2. The hot-melt formulation of claim 1 wherein the copolymer is made in the presence of an externally-added organosilicon donor.
3. The hot-melt formulation of claim 8 wherein the terpolymer is made in the presence of an externally-added organosilicon donor.
4. The hot-melt formulation of claim 1 comprising a propylene-co-hexene-1 copolymer with a boiling heptane insolubility of less than 20 wt. %.
5. The hot-melt formulation of claim 1 comprising a propylene-co-hexene-1 copolymer manufactured in the absence of any added solvent
6. The hot-melt formulation of claim 1 wherein the liquid plasticizer comprises a naphthenic oil.
7. The hot-melt formulation of claim 8 wherein the liquid plasticizer comprises a naphthenic oil.
8. The hot-melt formulation of claim 1 wherein the liquid plasticizer comprises a paraffinic oil.
9. The hot-melt formulation of claim 8 wherein the liquid plasticizer comprises a paraffinic oil.

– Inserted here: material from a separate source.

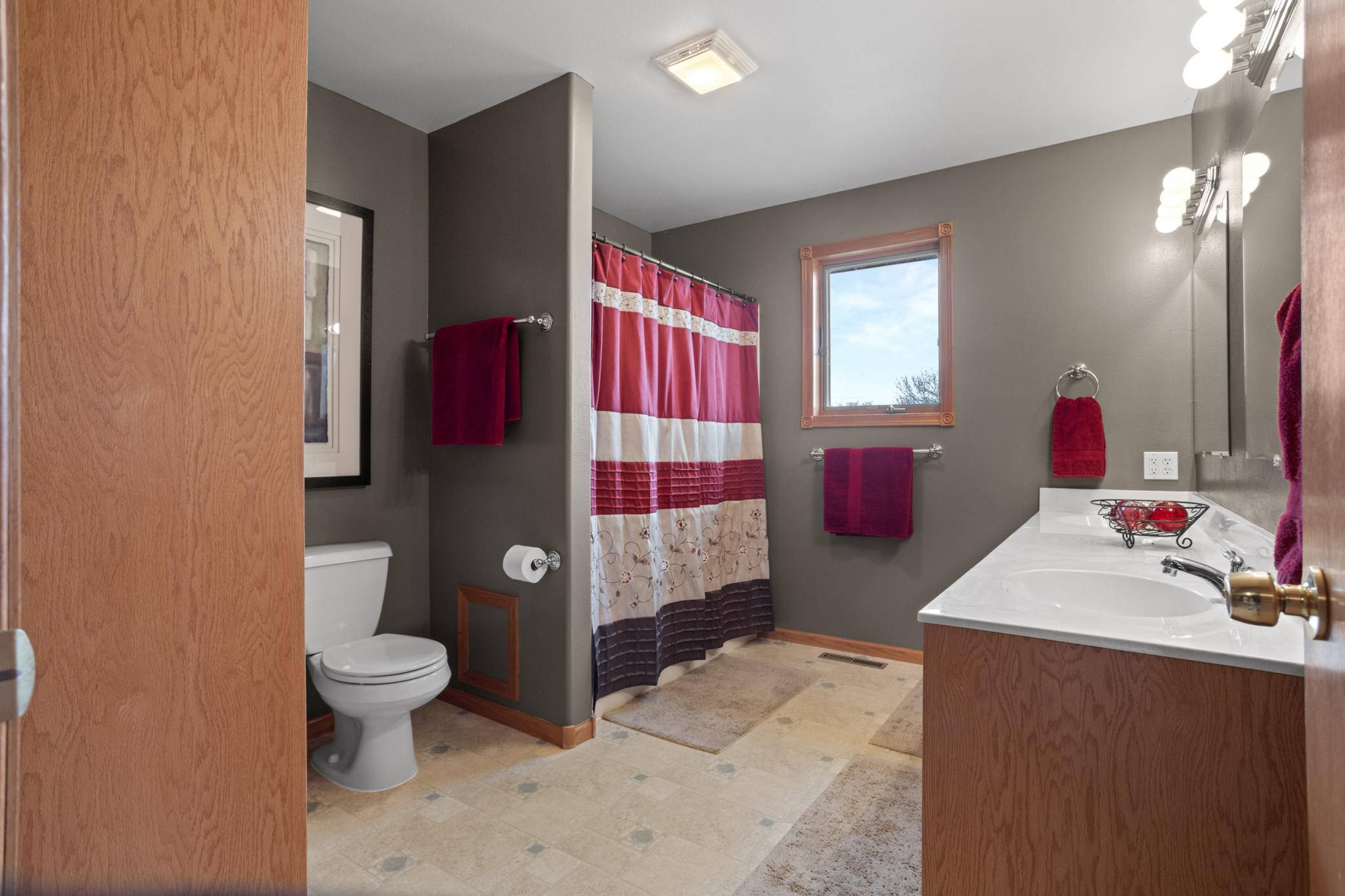 2nd Floor Bath with Dual Vanity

10. The hot-melt formulation of claim 1 wherein the wax component comprises a paraffinic wax.
11. The hot-melt formulation of claim 8 wherein the wax component comprises a paraffinic wax.
12. The hot-melt formulation of claim 1 wherein the wax component comprises a metallocene wax.
13. The hot-melt formulation of claim 2 wherein the wax component comprises a metallocene wax.
14. The hot-melt formulation of claim 1 wherein the terpolymer is made at a process temperature between about 130° F. and about 175° F. and at a reactor pressure sufficient to maintain propylene in the liquid phase (in the absence of any added solvent).
15. The hot-melt formulation of claim 1 wherein the hydrogen concentration present during the manufacture of the terpolymer is adjusted such that its melt viscosity, measured at 375° F., is less than 3500 cps.
16. The hot-melt formulation of claim 1 wherein the hydrogen concentration present during the manufacture of the terpolymer is adjusted such that its melt viscosity, measured at 375° F., is less than 3000 cps.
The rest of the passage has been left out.